Program Summary
This Maximizing Investigators’ Research Award (MIRA) proposal is directly relevant to the long-range
plans of the National Institute of General Medical Sciences (NIGMS). Our laboratory received continuous
NIGMS funding since 2004 that allowed us to make substantial advances in our understanding of the
mechanisms of the dynamic contacts between neighboring cells (adherens junctions), as well as between
cells and the extracellular matrix (focal adhesions structures). These cell junctions, in addition of holding
animal cells together, communicate signals and control the stress placed upon cells.
Over the past 16 years, we contributed important mechanistic discoveries towards an understanding of
· how the cell-cell junctions connect cells in tissues to regulate tissue homeostasis that are crucial to
provide the tissue barrier of epithelia, as well as cell migration and proliferation; and
· how cell junctions initiate and maintain cell adhesion while regulating the organization of the underlying
actin cytoskeleton by establishing a center for cell signaling and gene transcript regulation.
Such processes are highly dynamic and tightly regulated. Our laboratory focused on defining the activation
mechanisms of key regulators of these cell junctions that we studied biochemically and in live cells. Our
discoveries were accelerated by our development of new techniques that overcame significant structural
biology hurdles that stalled the field and that are applicable to many other structural biology studies.

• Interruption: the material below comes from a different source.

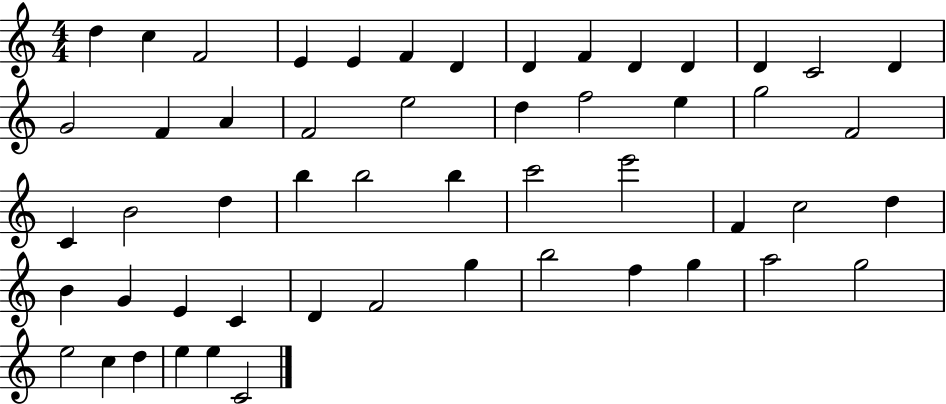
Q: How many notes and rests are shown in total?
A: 53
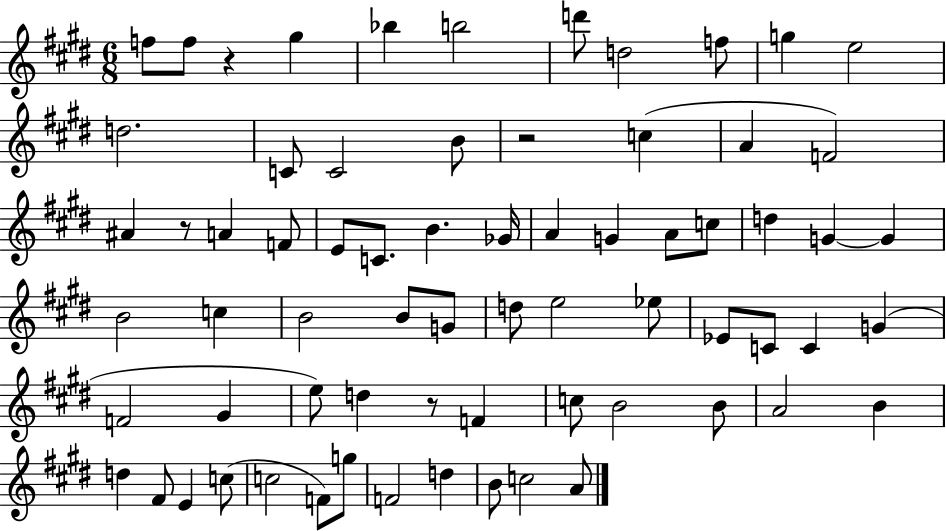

We discovered how talin activates vinculin, two ubiquitously expressed, actin-binding proteins, to stabilizes
focal adhesions and thereby suppressing cell migration. Our high-resolution vinculin crystal structures, that
we confirmed biochemically and in live cells, showed the auto-inhibitory intramolecular interactions that
inactivate vinculin and thereby prevent vinculin from binding to the actin cytoskeleton.
On the other hand, our high-resolution crystal structures of a-catenin, a crucial mediator of intercellular
adhesions, revealed the mechanistic roles that its quaternary structures play in cell-cell adhesion and in
the formation of the dynamic link to the actin cytoskeleton. Significantly, our discoveries led to mechano-
transduction studies of cell-cell and cell-matrix junctions on how cells sense and transmit forces.
More recently, we discovered how lipid binding to vinculin, to its cardiac isoform metavinculin, and to talin
regulates focal adhesion turnover. This knowledge and expertise are the foundation for further discoveries
that will additionally focus on the understudied role that the plasma membrane plays in cell adhesion.
In the long run, we hope to gain a complete understanding of cell adhesion by attaining a near atomic
structure of a “synthetic” cell junction. The regulation and dysregulation of cell junctions are fundamental to
many biological processes such as development and cancer, and our proposed studies have therefore
both basic and potentially translational significance.